What stood out is how focused the product is on the interview itself. Most of the experience is built around helping you answer questions as they come up, not just preparing you beforehand or summarising things later.
You can control how the AI responds while the interview is happening. You can change how detailed the answers are, which language they’re in, and how structured they feel. You can also choose formats like Default, STAR, or SOAR. These controls are easy to access and actually change how the answers sound.
Your resume stays active throughout the product. It’s used during mock interviews, live interview answers, and even when applying for jobs. You don’t have to keep re-explaining your background. The system carries that context forward.
Even the mock interviews are simulated very close to the real interview experience. The settings are the same for both.
There’s also the AI Job Hunter feature, which lets you set preferences, see matched roles, and apply quickly or in bulk. For now, it’s a little limited in terms of locations and roles but I hope to see it expand soon.
Where it works well
From what I saw, Final Round AI works best when interviews feel harder to handle than to prepare for.
Suppose you’ve been asked to walk through your work experience. You know the answer but might struggle to explain it clearly on the spot. In such a case, Final Round AI goes through your experience and gives your answer a simple structure. It helps shape responses while you’re speaking, instead of leaving you to figure that out mid-answer.
This is especially useful in behavioural interviews. These interviews care more about clarity than speed. Final Round AI helps keep answers focused, so they don’t trail off or miss key points.

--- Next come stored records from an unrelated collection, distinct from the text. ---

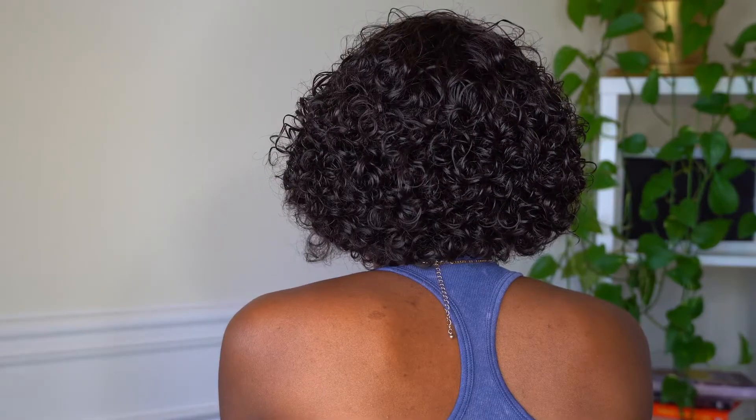This is what I came up with — super cute! Look at those curls, they're so juicy. It's a really, really cute wig. I love this look and I am loving the side part. It is just so cute, love it!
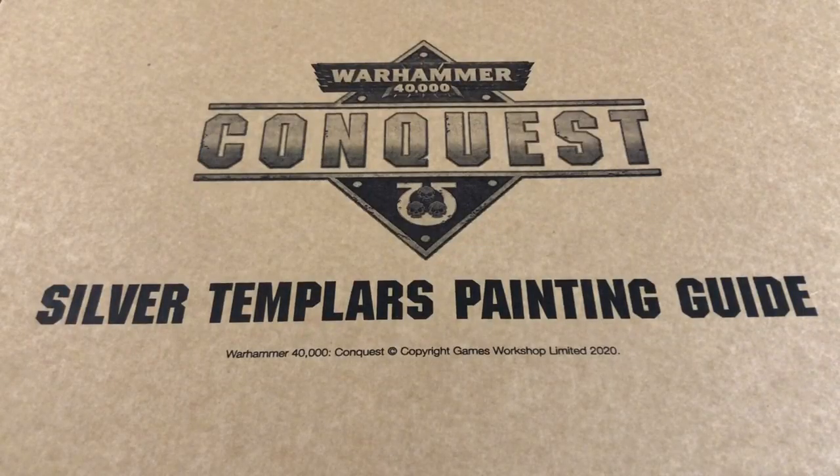Hey everybody, welcome to Always Bored Never Boring. People who subscribe to my channel may have been expecting to see a video on painting Poxwalkers today. That video is coming — I'm probably going to upload it this weekend as extra content — but it got pushed back a little bit because I've just received my latest bundle of Warhammer 40,000 Conquest goodies.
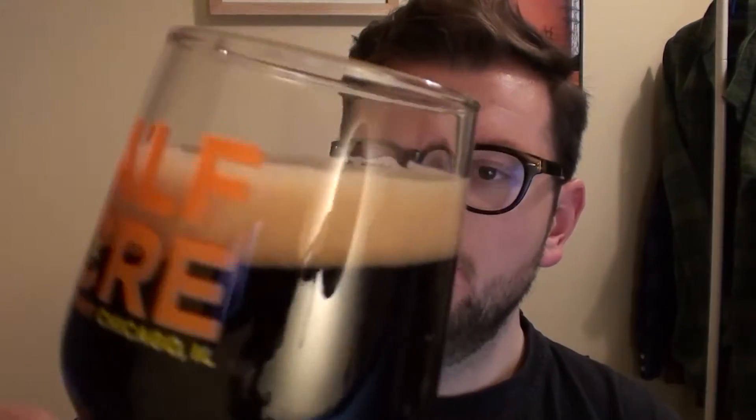Into my nice little half acre casing glass, because I haven't used this in a long time. It does pour — surprise, surprise — pitch black over here, with a nice little khaki-coloured head on there as well, which looks pretty nice. Looking at it next to a light, it's got ruby tinges around the edge which is kind of cool.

It also works well if you’re interviewing with multiple companies at the same time. When interviews pile up, it’s easy to repeat the same examples badly or mix things up. Because the tool always pulls from the same resume and role context, answers stay consistent across interviews.

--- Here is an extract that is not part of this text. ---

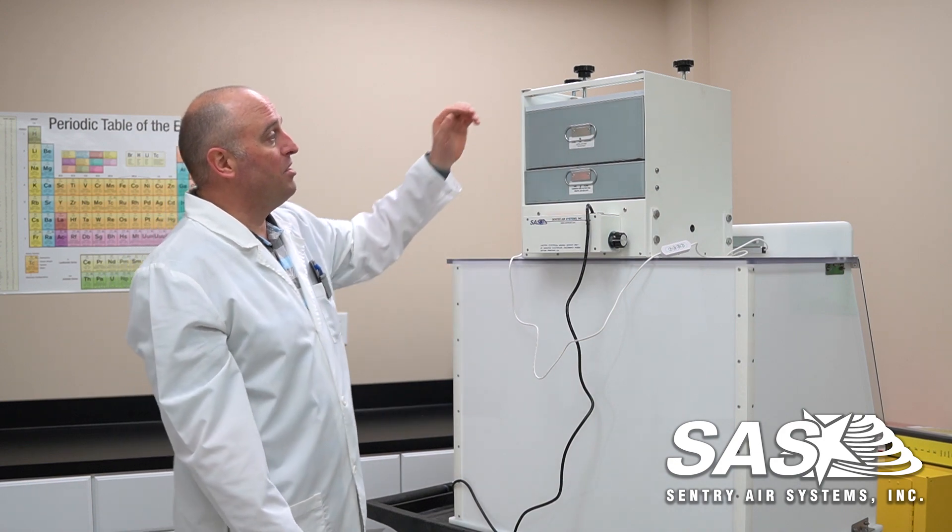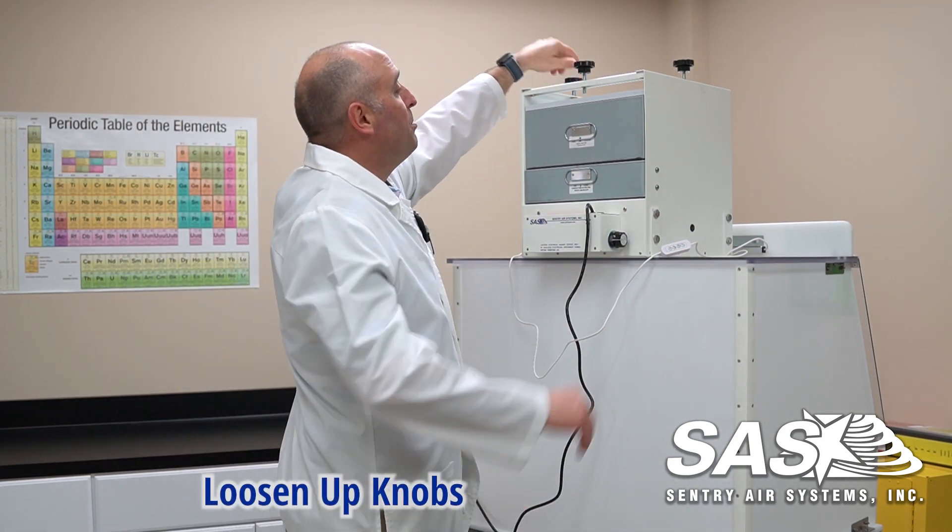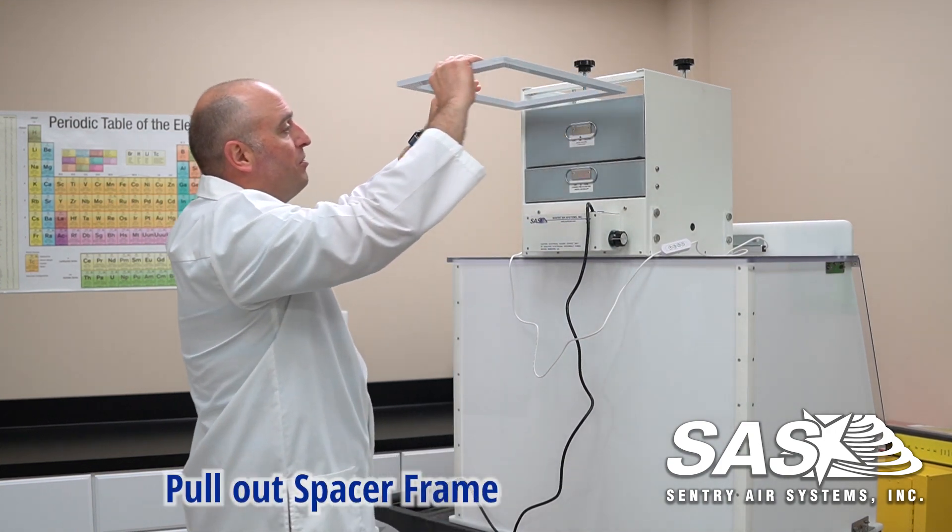From here it's a pretty fairly simple process. You want to unlock the unit, loosen up the knobs up top here, and pull out your spacer frame.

I also think this is helpful for early- and mid-career candidates. These are people who may have the experience but aren’t yet confident talking about it. The tool supports how answers are framed without taking over the conversation.
Finally, it works for people who want everything in one place. Resume building or uploading, practice interviews, live interview support, and job applications all sit inside the same system, which makes the process easier to manage.
Overall, I see Final Round AI working best when interviews feel overwhelming not because of lack of skill, but because there’s too much happening at once.
Where it falls short
Final Round AI is helpful when interviews follow a clear structure. It is less effective when conversations become highly technical, fast-moving, or unstructured. In those situations, the suggestions can lag behind the discussion or feel too generic to be useful.
The live interview copilot also depends on specific setup conditions. You need a Chrome extension and access to the Pro plan.
The job search feature of the product is still limited. It currently supports only a narrow set of job roles and locations, and global job listings are not yet available.
Finally, the tool does not remove the need for human judgement. Responses often need review and adjustment, especially in interviews that require precision, nuance, or strong personal perspective.
What makes it different
If you look at interview tools today, most of them do one thing.
Tools like Google Interview Warmup or Interview Sidekick help you practise answers. They’re useful before the interview, but they stop there.
Tools like Parakeet AI help you improve responses quickly, but they’re still limited to preparation. They don’t stay connected once the interview actually starts.
There are also tools like Cluely that sit slightly differently. It focuses on what happens during meetings and interviews by helping you keep track of conversations, notes, and context in real time. It supports recall and clarity, but it doesn’t shape or structure what you say.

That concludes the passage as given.